It’s a really interesting look at how we can build globally competitive companies in Europe. Watch the interview to find out how…

  • Hoxton Ventures combine European focus with Silicon Valley principles to scale startups internationally.
  • How growth-focused valuations differ compared to the U.S. market.
  • His thoughts on the future of cybersecurity.

Hussein Kanji is a founding partner at Hoxton Ventures, with significant experience in the VC industry, both in the U.S. and Europe, and offered a fascinating perspective for fintech professionals, bankers, and enthusiasts.

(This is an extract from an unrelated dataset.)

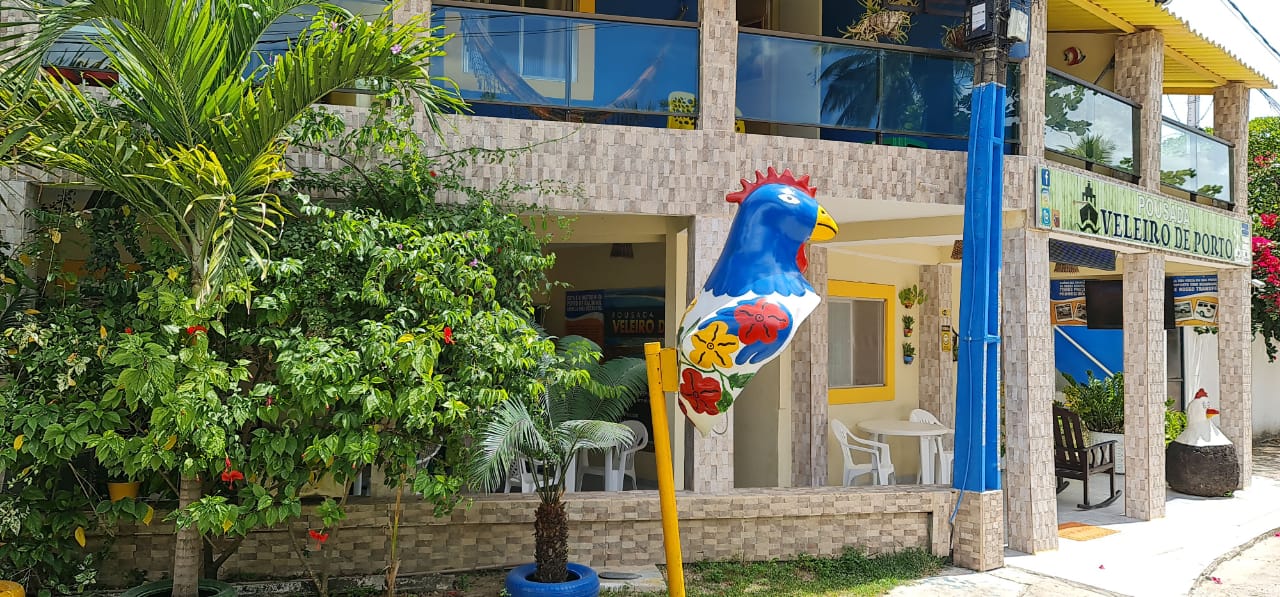 Um balão azul em forma de galo está em um poste em frente a um prédio.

A Career Rooted in Early-Stage Investing

In the interview, Kanji began by explaining his role at Hoxton Ventures, a firm he co-founded a decade ago, specializing in seed-stage investments. His career path led him from building companies on the U.S. West Coast to joining a major American VC firm, and ultimately establishing Hoxton Ventures in London. His focus on early-stage investing stems from his entrepreneurial roots and a belief that the early phases of a company’s journey are the most rewarding, albeit risky. Kanji emphasized that identifying promising startups at this stage requires a blend of art and science. With three IPOs from 17 investments in their first fund, their record demonstrates their expertise.

The Early-Stage Appeal

When asked why he chose the risky early-stage market, Kanji highlighted its intellectual stimulation and potential to shape the future. He reflected on his early encounters with venture capitalists, noting how their role as financial enablers rather than creators aligned with his strengths. This inspired his shift from entrepreneurship to investing. Early-stage VC, according to Kanji, allows for profound impact by helping startups build a foundation for growth, often leading to transformative outcomes.

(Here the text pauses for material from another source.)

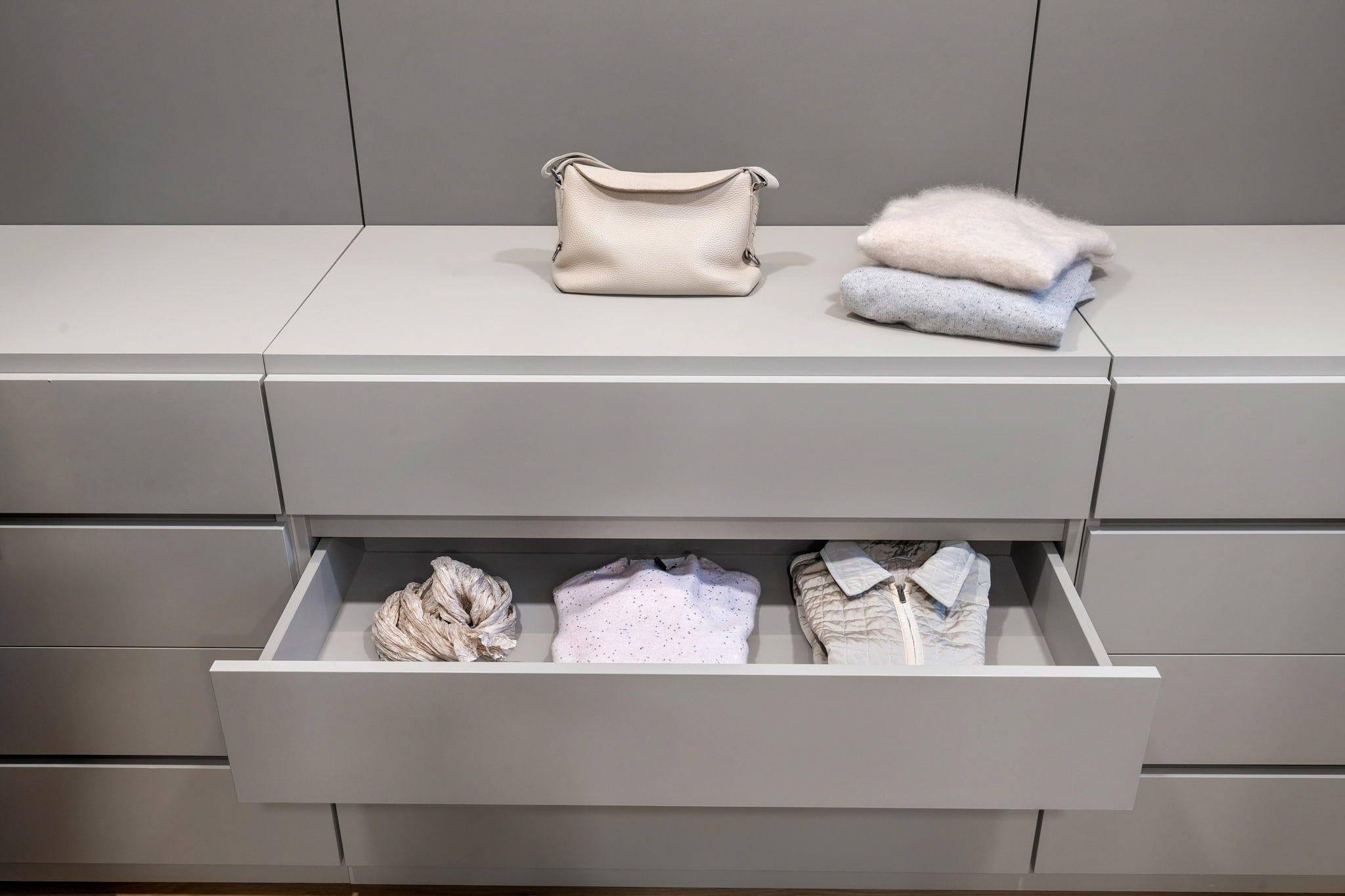 Open grey drawer holding folded clothes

A European Venture Firm with a Silicon Valley Mindset

Kanji outlined Hoxton Ventures’ distinctive approach: combining a European presence with Silicon Valley principles. The firm prioritizes guiding startups to scale in the U.S., recognizing it as the world’s largest accessible market. This strategy often involves encouraging founders to focus on America early, despite the challenges of relocation and expense, as the U.S. market can exponentially increase a company’s size and valuation.

Another cornerstone of their strategy is leveraging Silicon Valley’s accumulated expertise. By maintaining connections with the Valley, Hoxton ensures its portfolio companies remain competitive on a global scale. Kanji emphasized the importance of understanding what “best-in-class” means by benchmarking European startups against their American counterparts, benefiting from decades of industry knowledge concentrated in California.

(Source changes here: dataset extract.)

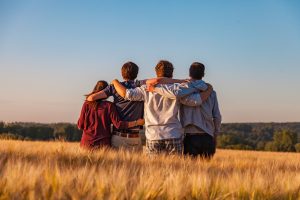 Grupa młodych osób stoi w zbożu tyłem do fotografa. Trzymają się w uścisku.
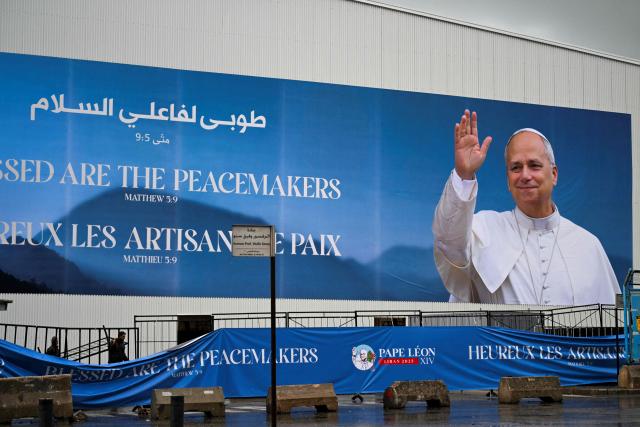 Workers carry a structure past a large banner featuring a picture of Pope Leo XIV as preparations are underway for a mass in Beirut on November 30, 2025. On his first overseas trip since being elected leader of the world’s 1.4 billion Catholics, Leo is scheduled to arrive in Lebanon on November 30 with a message of peace for the crisis-mired nation, after wrapping up a four-day visit to Turkey. (Photo by Jewel SAMAD / AFP)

Challenges in the European VC Landscape

Kanji candidly discussed the challenges European startups face compared to their U.S. peers. He highlighted the cultural and structural differences that impact valuations, particularly in public markets. For example, high-growth companies like Darktrace struggled to achieve U.S.-equivalent valuations in the UK, partly due to the London Stock Exchange’s preference for dividend-paying, profit-oriented firms.

This discrepancy underscores a broader issue: the need for Europe to adopt a growth-first mindset to attract and retain high-potential startups. Kanji believes Europe is still in its early days as a tech ecosystem but is making strides. While the region produces unicorns, the challenge lies in scaling these into $100 billion or $500 billion giants. He suggested this requires fostering a more ambitious investment culture and addressing structural issues in capital markets.

Fintech, Cybersecurity, and Infrastructure: Key Trends

Though Hoxton hasn’t invested heavily in consumer fintech, Kanji expressed admiration for companies like Revolut and Monzo. He acknowledged a missed opportunity with Monzo in its early days but noted Hoxton’s strength lies in fintech infrastructure. One of their portfolio companies, Vitesse, exemplifies this focus. Vitesse simplifies financial operations for insurance firms, enabling efficient fund transfers while maintaining control—a critical innovation in the insurance industry.

On cybersecurity, Kanji commented on Darktrace’s privatization, viewing it as undervalued in the UK public markets. He suggested the company could achieve a higher valuation in the U.S., reflecting the difference in market attitudes towards growth and profitability. He also highlighted the strategic appointment of Darktrace’s CEO, Poppy Gustafsson, as the UK’s Investment Minister, signaling the country’s intent to improve its investment climate.

The Path Forward for European Startups

Kanji concluded by reflecting on the evolution of Europe’s tech ecosystem. While optimistic about the region’s potential, he stressed the importance of building world-class companies capable of competing globally. The key, he argued, lies in fostering a supportive investment environment that prioritizes long-term growth over short-term profitability, paving the way for more transformative success stories.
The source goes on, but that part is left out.